SOUTH PORTLAND — For Luke Holden, building an international chain of 43 lobster restaurants all began with hunger, homesickness and a Google search.
In less than a decade Luke’s Lobster has grown from one, seven-seat lobster shack in Manhattan’s East Village to a global restaurant and wholesale lobster business. Next summer, it will open its second restaurant in Maine – the largest yet – on the Portland waterfront.
The Portland Pier eatery will be linked to an adjacent lobster pound at the former New Meadows Lobster, which Holden purchased in July.
At the Loveitts Field home where he lives with his wife Laisee and their 8-month-old daughter, Poppy, Holden, 34, recently recalled how it all began.
It was 2009, just a couple years after he graduated from Georgetown University with an undergraduate degree in business. Holden, an investment banker on Wall Street, was sitting in his office on a sunny, summer Sunday afternoon.
But he missed his home, so he began to search online for the nearest lobster roll. It didn’t take long for him to recognize a gap in the market — all the lobster rolls in New York, he said, were either overpriced, over-spiced, or both.
About three months later, Holden and his business partner, freelance food writer Ben Conniff, with whom he connected on Craigslist, opened their “220-something-square-foot” lobster shack in the East Village.
Having grown up in Cape Elizabeth with a father who was a lobsterman-turned- lobster-dealer-turned-lobster-processor, Holden knew a thing or two about the industry.

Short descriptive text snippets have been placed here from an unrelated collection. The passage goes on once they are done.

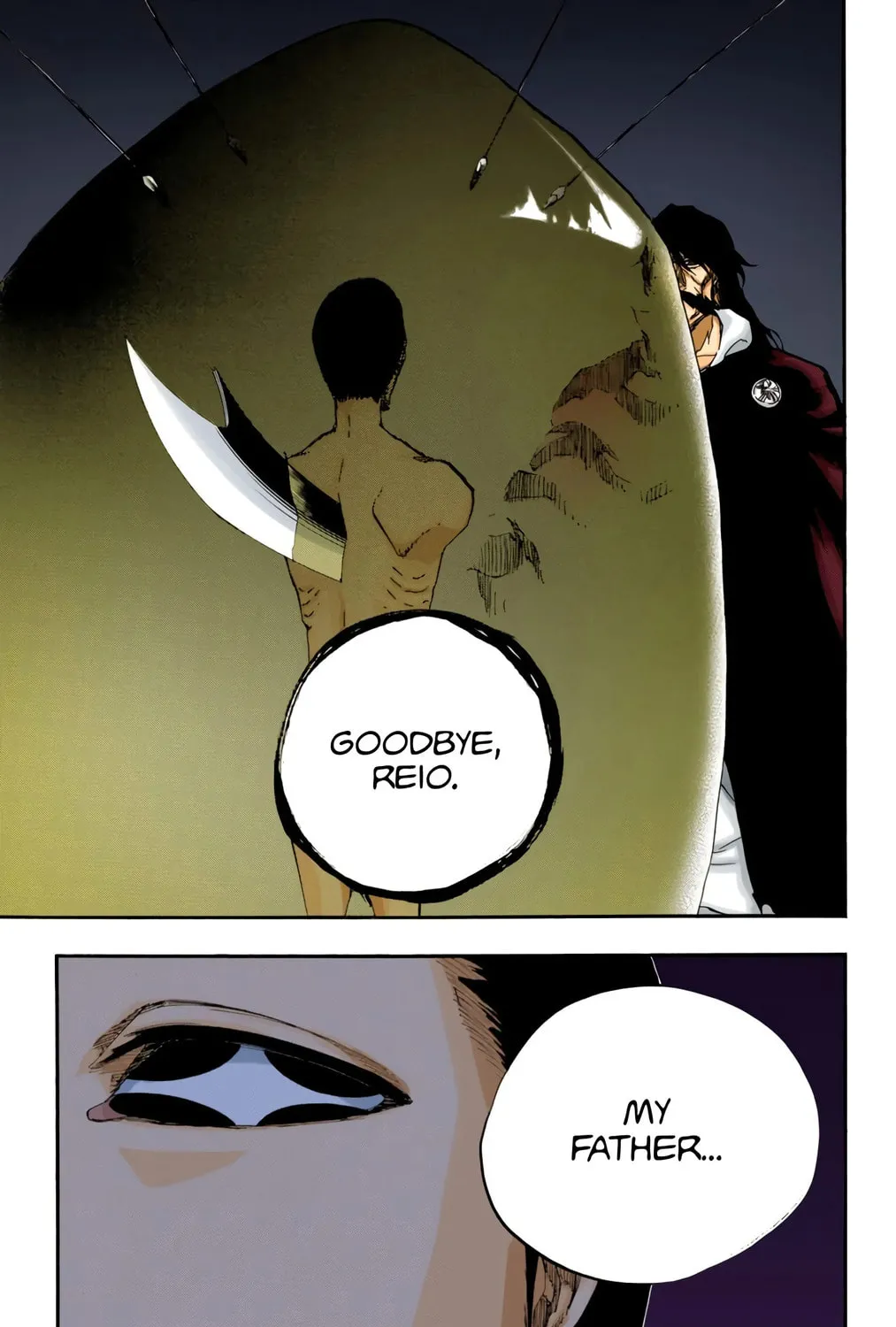 Bleach: Thousand-Year Blood War, chapter 612, page 15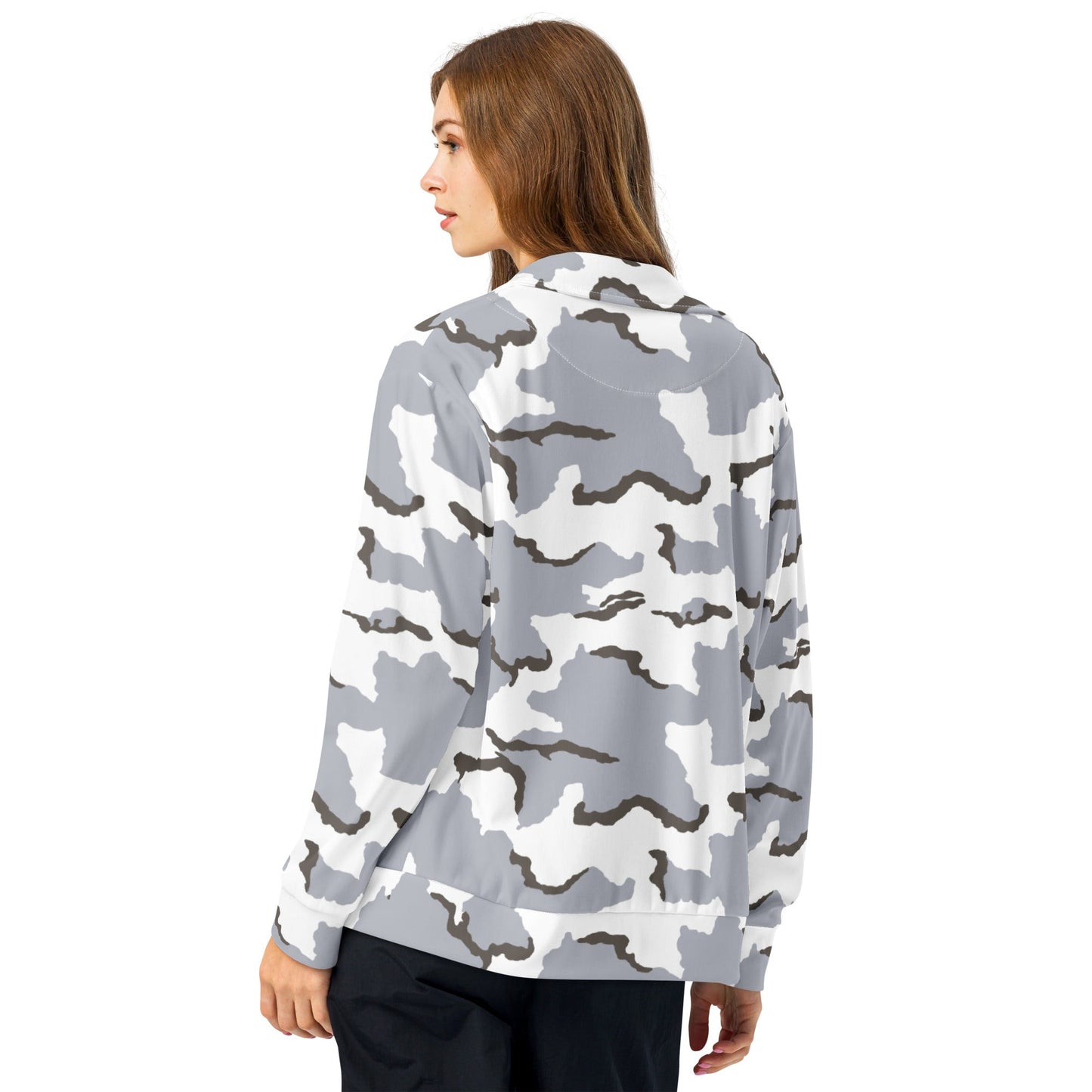 Alaska Tundra CAMO Unisex track jacket - Track Jackets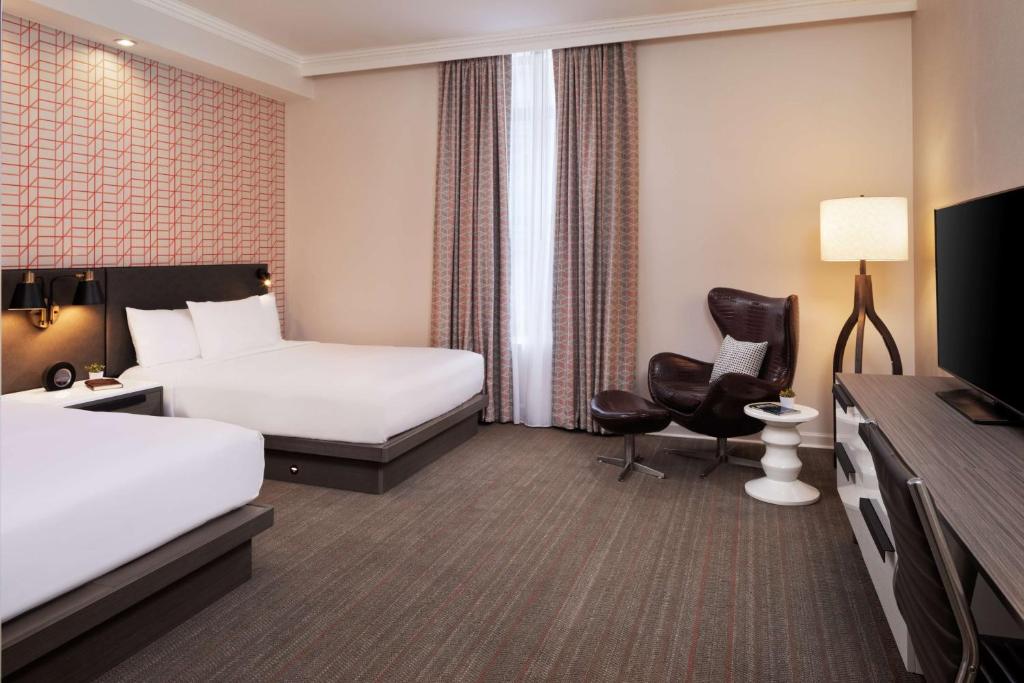 Hyatt Centric Downtown Minneapolis - Camera Queen Con Due Letti Queen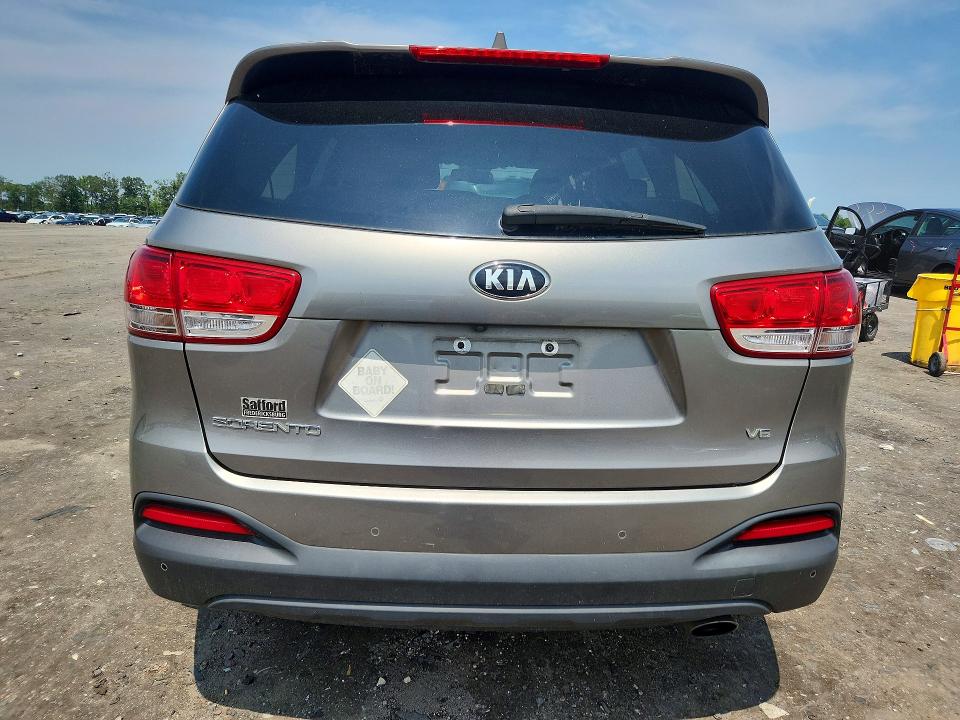 2017 Kia Sorento მანქანა იყიდება აუქციონზე, vin: 5XYPG4A52HG269764, აუქციონის ნომერი: 64745186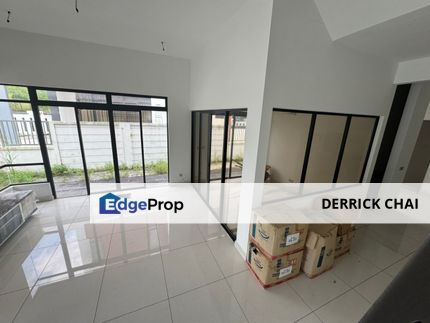 Horizon Hills Canal Garden Double Storey Cluster House , Johor, 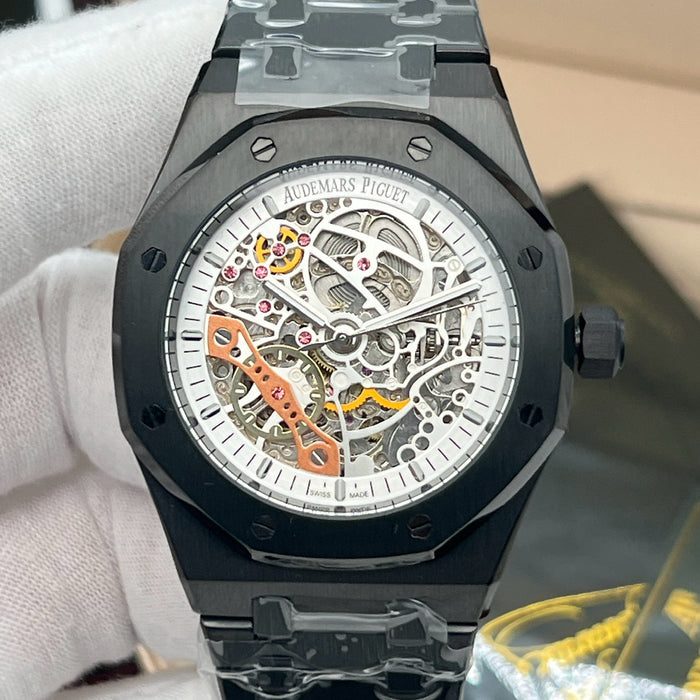 Audemars Piguet Royal Oak Skeleton Black Ceramic Automatic Watch
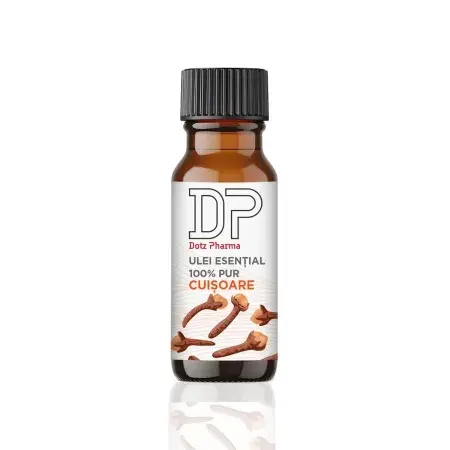 Ulei esential de cuisoare, 10 ml, Dotz Pharma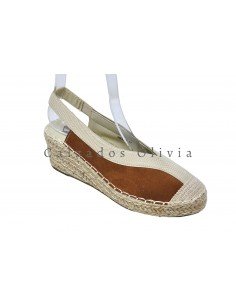 Calzados y zapatos LEN-NK596 CUERO 2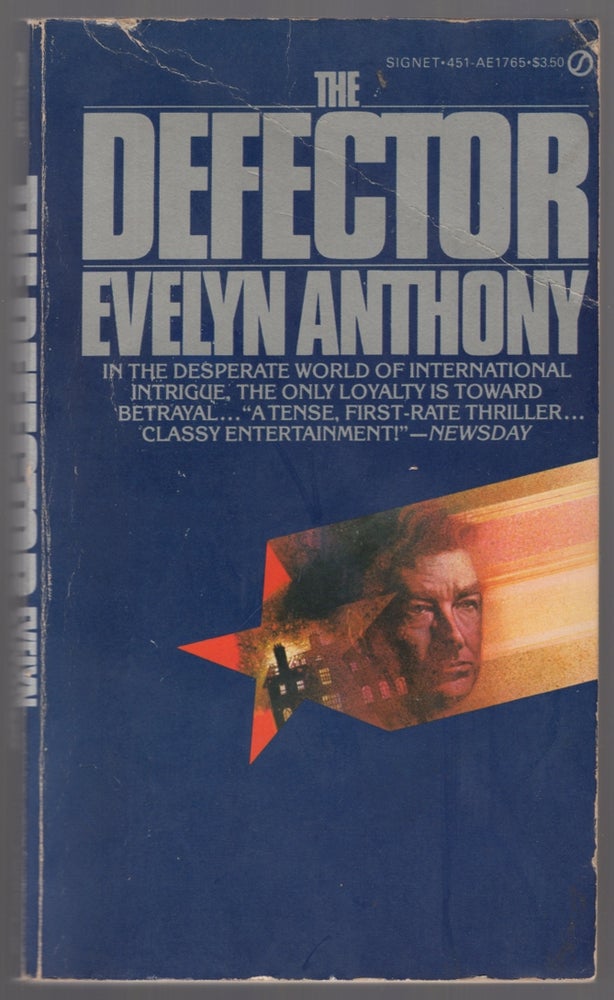 Item #202501 The Defector. Evelyn ANTHONY.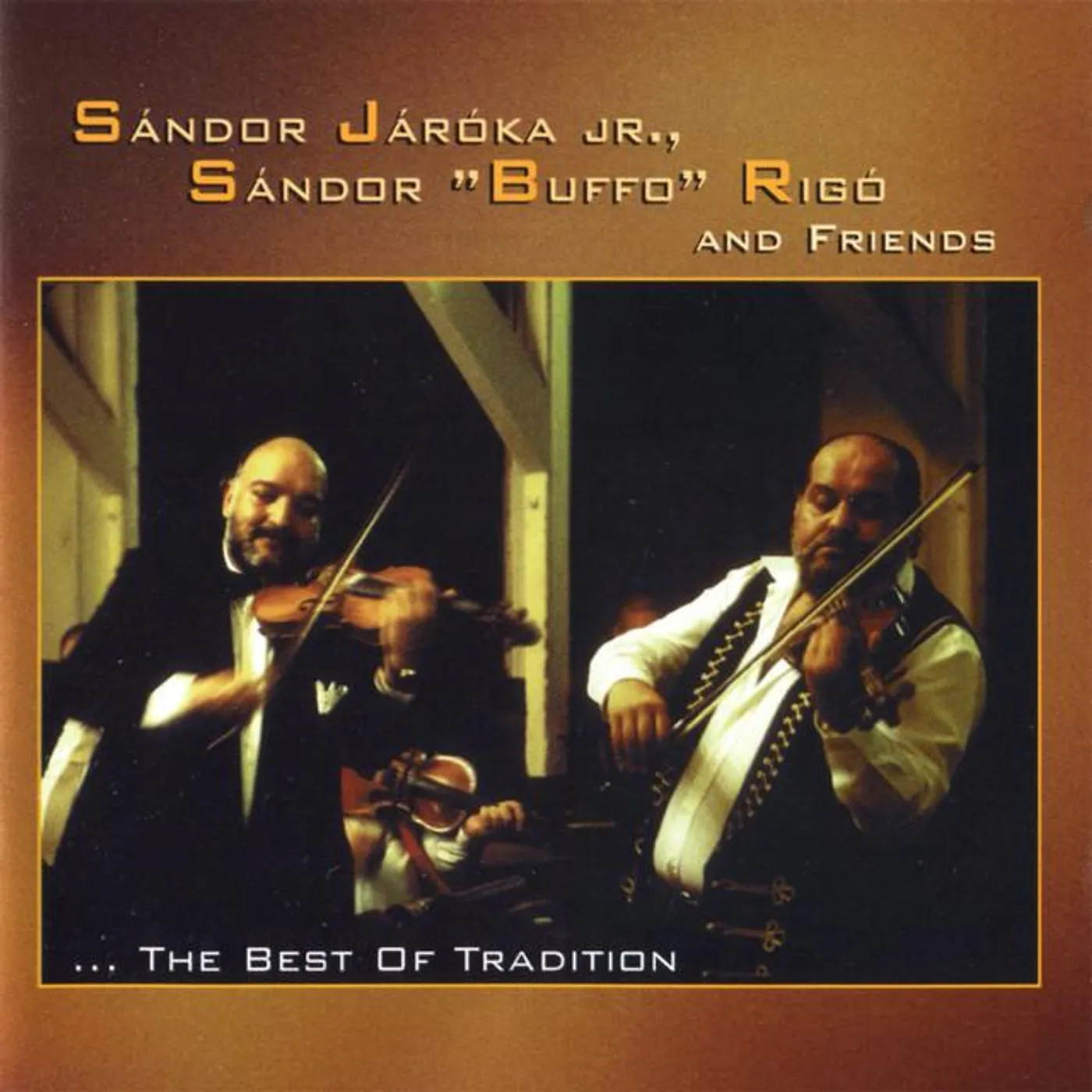 Sándor Jàróka Jr., Brand Page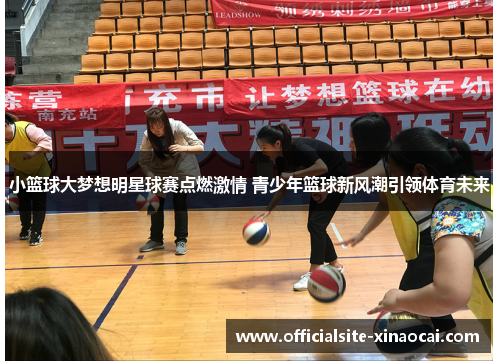 小篮球大梦想明星球赛点燃激情 青少年篮球新风潮引领体育未来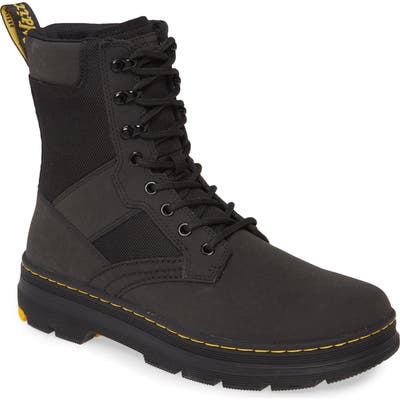 Dr. Marten Iowa Turby Plain Toe Boot, Black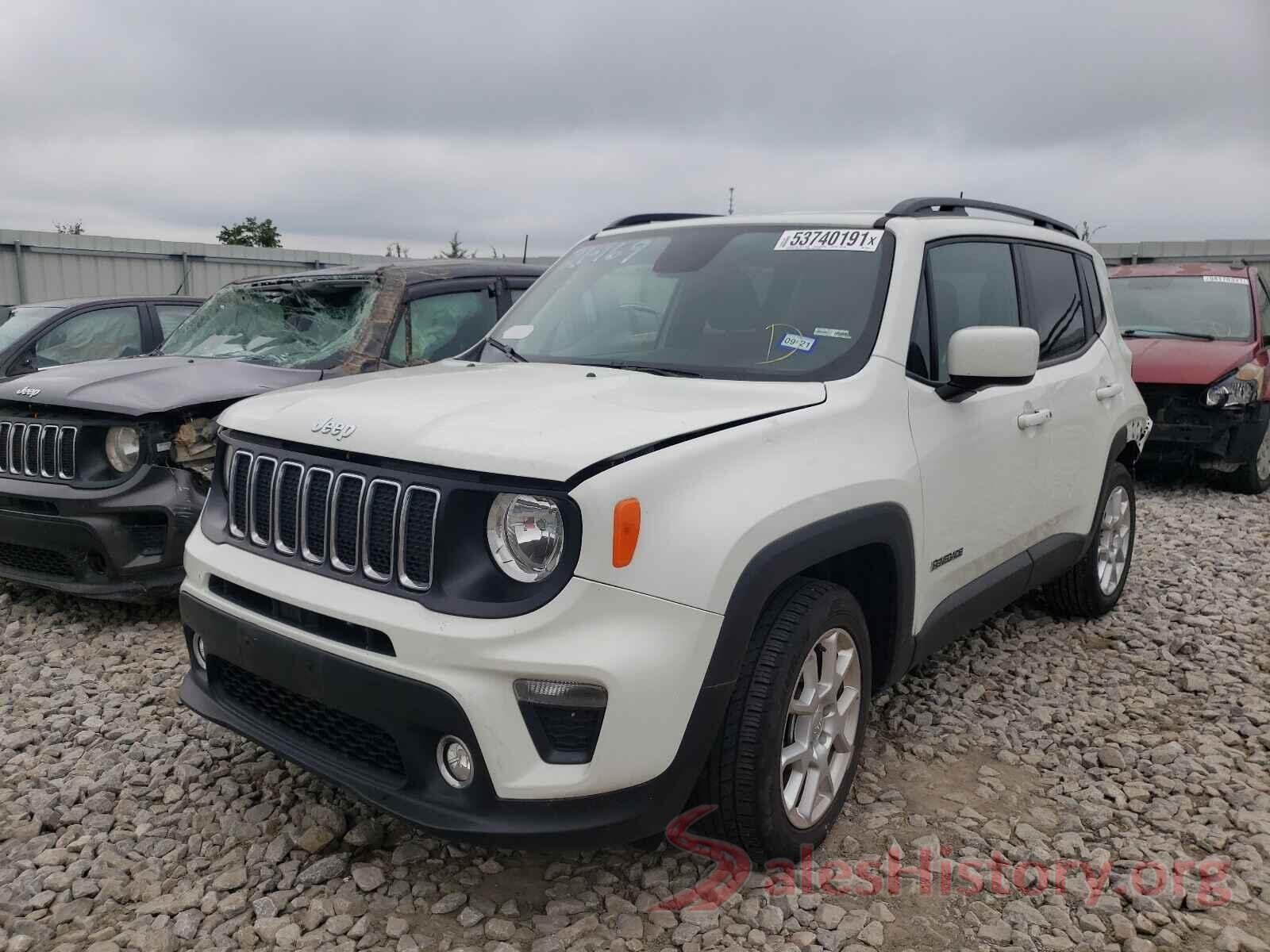 ZACNJABB8KPK77285 2019 JEEP RENEGADE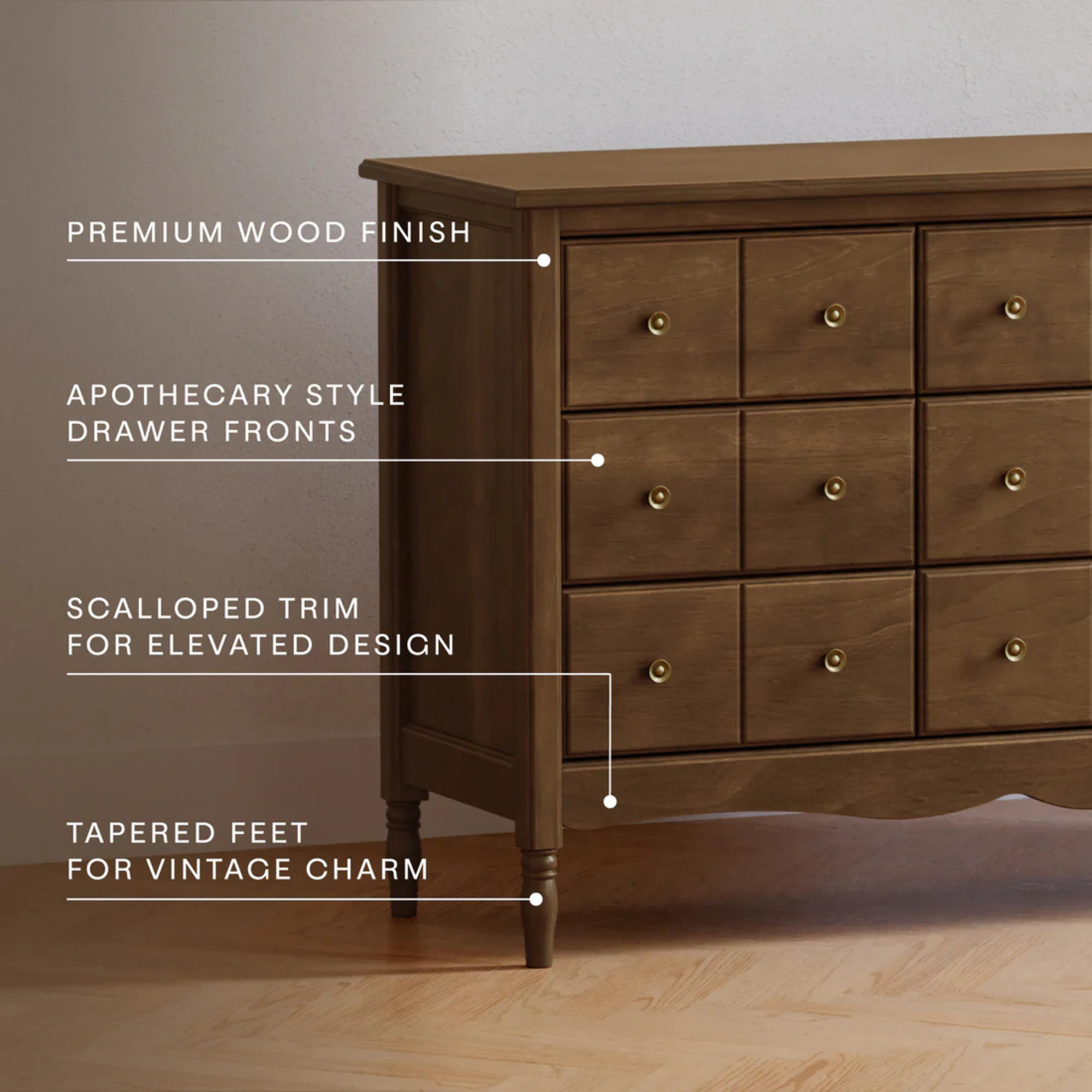 NAMESAKE Liberty 9-Drawer Assembled Dresser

“My father worked on the waterfront his entire life,” Holden said. “I grew up on the docks.”
Still, he and Conniff worked with a budget of only $30,000 their first year in business. They had a small, but loyal crew of employees. They kept it simple and devoted their business to offering the highest quality at the lowest price – $14. Today, the lobster rolls sell for only $2 more.
“I think our simplistic, naive approach turned out to be one of our greatest assets,” Holden said.
Even so, there was a recession going on, and the risk of failure was high, so Holden kept his corporate job until the lobster business grew enough to demand his undivided attention.
And grow it did.
Today, Holden oversees 30 shacks in the U.S., along with a few in Japan and Taiwan.
He said many of the employees who were with him at the beginning are still part of the team. Conniff is the chief marketing officer and Holden’s brothers, Mike and Bryan, are both partners, responsible for finding new restaurants, negotiating deals, building out space and finding the teams to keep the new establishments running.
“I always say I run the business and they grow it,” Holden said.
Holden said Luke’s Lobster plans to continue to expand internationally and domestically, and he’s comfortable opening five to eight new restaurants per year.
For now, he’s focusing on “step No. 1,” which is a complete redevelopment of what Holden described as a “failing commercial dock” at 60 Portland Pier.
He said the company has invested around $1 million in the past six months to rebuild the “commercial component” of the pier that will support the 150-seat restaurant. They’ve also enlarged and renewed the pier’s floats to create additional, and safer, real estate for local lobster and fishermen, which Holden said “has nothing to do with the restaurant.”
Although he’s traveled far and wide for his business, to Holden there’s no place like home. Laisee Holden, who attended the University of North Carolina and then moved to Los Angeles, California, for a sports marketing job, agreed.
“No matter where we went, we always got drawn back to Maine,” she said.
Holden grew up playing ice hockey with Laisee. She was a year older at Cape Elizabeth High School, but Holden admitted he always had a crush on her. So much so that when Laisee’s mother asked Holden to drive Laisee and her date to their junior prom for $20, he obliged.
The two reconnected about four years ago after they’d both moved back to the area. They purchased their current home, a more-than-century-old oceanfront estate facing Danforth Cove and Cushing Island, just over a year ago.
“I always hoped to move back eventually,” Laisee said. “It’s the people in Maine that make it so special. … They like to support each other. I notice that a lot with Luke’s business,” through which, she added, she feels a lot more “connected” with the community.
Holden, too, said he “loves being part of the fishing community,” something he and his father always had in common.
“It’s so special that Luke gets to live and work near his family,” Laisee said. “… He and I had such great experiences going to school here and playing sports, so hopefully Poppy will, too.”
Luke’s Lobster founder Luke Holden, right, his wife Laisee and their daughter Poppy at their South Portland home. Holden next year plans to open the company’s second restaurant in Maine on the Portland waterfront.
Poppy Holden has traveled far and wide for an 8-month-old. She even went to Japan for a Luke’s Lobster opening earlier this year.